As an enormous fan of the charming Hugh Laurie/Stephen Fry television series, I've been meaning to read one of the beloved P.G. Wodehouse books that inspired it. Finally I decided on Code of the Woosters, which is not the beginning of the series, but considered by many fans to be the best.
It may take those unfamiliar with the characters and previous plot lines a little bit to settle into the book since it references madcap mishaps and humorous characters from previous adventures, but once you get yourself lost in the world of Bertie Wooster, truly hair-brained delights await.

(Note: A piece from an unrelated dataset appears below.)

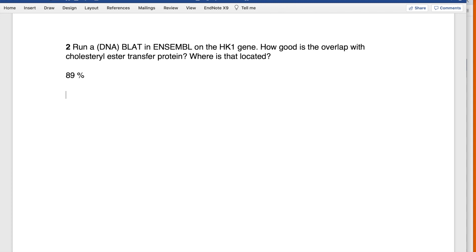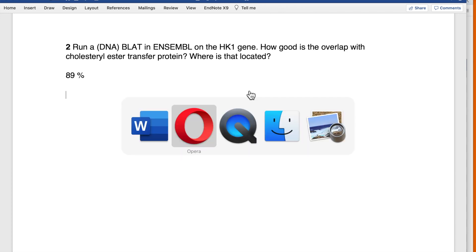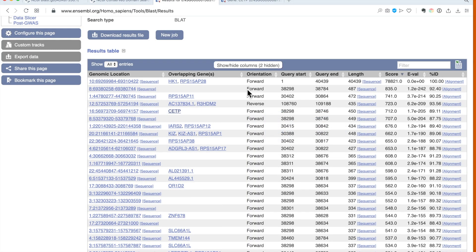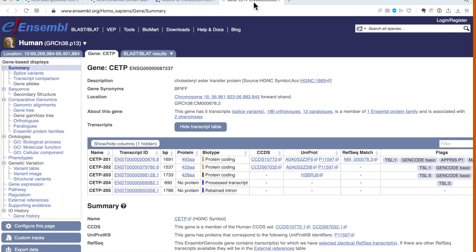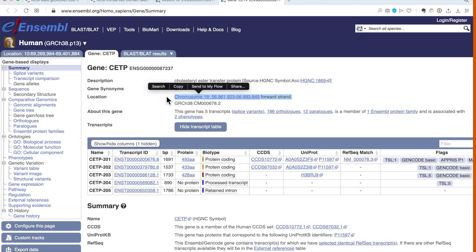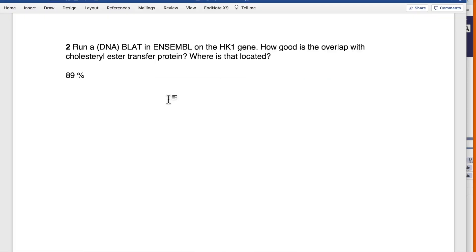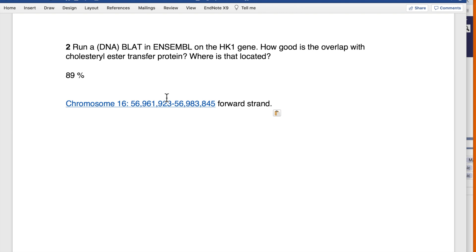Then it asks where is that located. That protein, CETP, where is it located? It doesn't say here, but we go to the corresponding entry. Under location we can see where it is. According to the current standard that's 2020, it's located on chromosome number 16 on the forward strand, base pair 56 million upwards.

Wooster is a cherished figure in British lit, a bumbling but unintentionally funny aristocrat constantly embroiled in silly plots like the principle story line in this book (pushy aunt Agatha pressures him steal a cow shaped milk creamer from her neighbors), Wooster turns to his far more dignified and intelligent valet, Jeeves, to bail him out of his many twisting, turning catastrophes.
The TV series is as good as the book, a rare feat as we all know, but there's a certain pleasure in the witty words on page. Don't let fear of the old fashioned phase you; as formulaic and neatly tied up as the plots get, and as quaint as the world depicted is, I was thoroughly amused and would laugh aloud at certain lines. I'm excited to delve into more of the duo's adventures.